**Material for this exercise**
=-=-=

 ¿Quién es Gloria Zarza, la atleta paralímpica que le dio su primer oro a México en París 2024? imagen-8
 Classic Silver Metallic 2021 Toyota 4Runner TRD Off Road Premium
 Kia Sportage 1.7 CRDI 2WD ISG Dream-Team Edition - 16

=-=-=

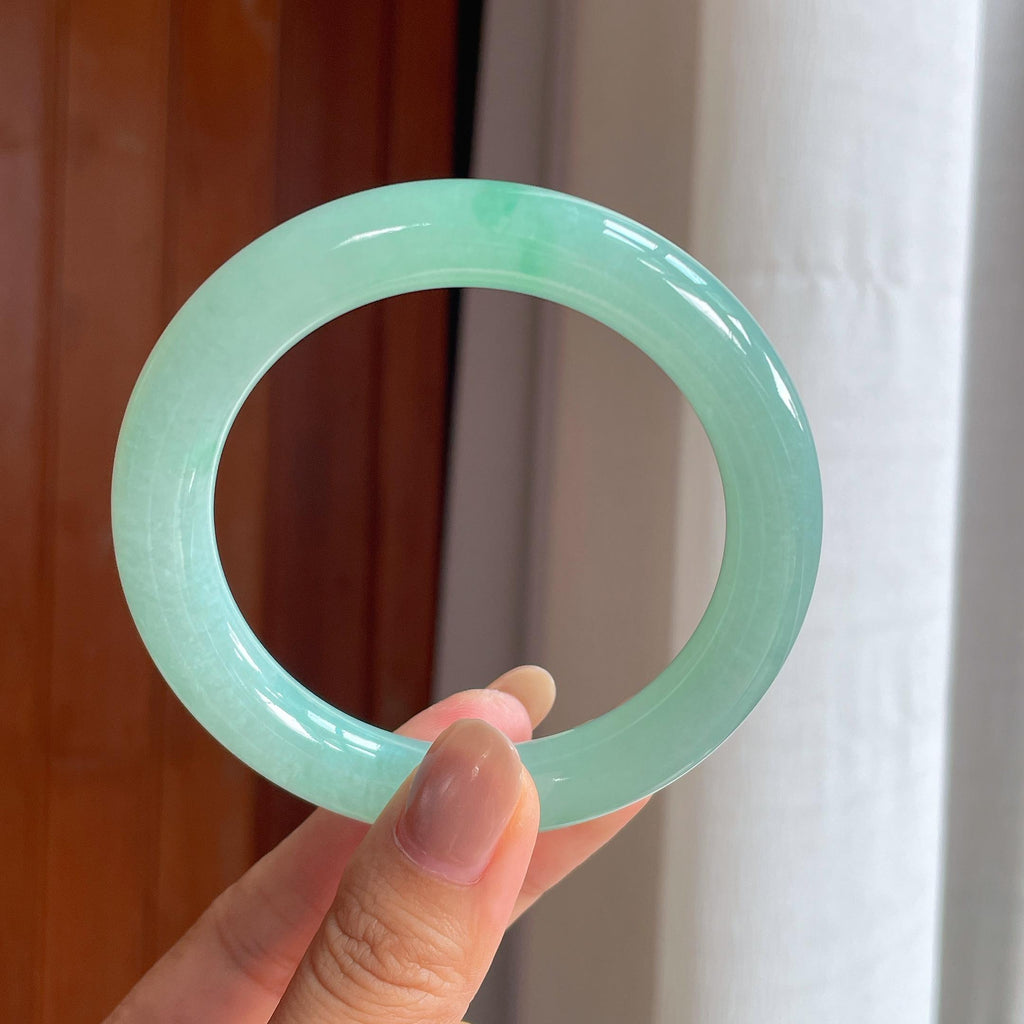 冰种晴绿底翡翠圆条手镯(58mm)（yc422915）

=-=-=

**Task to complete**
Above this task is a listing. Restate, word for word and with nothing added, the lines from the one with "París 2024? imagen-8" through the one with "Kia Sportage 1.7".

**Answer section**
 ¿Quién es Gloria Zarza, la atleta paralímpica que le dio su primer oro a México en París 2024? imagen-8
 Classic Silver Metallic 2021 Toyota 4Runner TRD Off Road Premium
 Kia Sportage 1.7 CRDI 2WD ISG Dream-Team Edition - 16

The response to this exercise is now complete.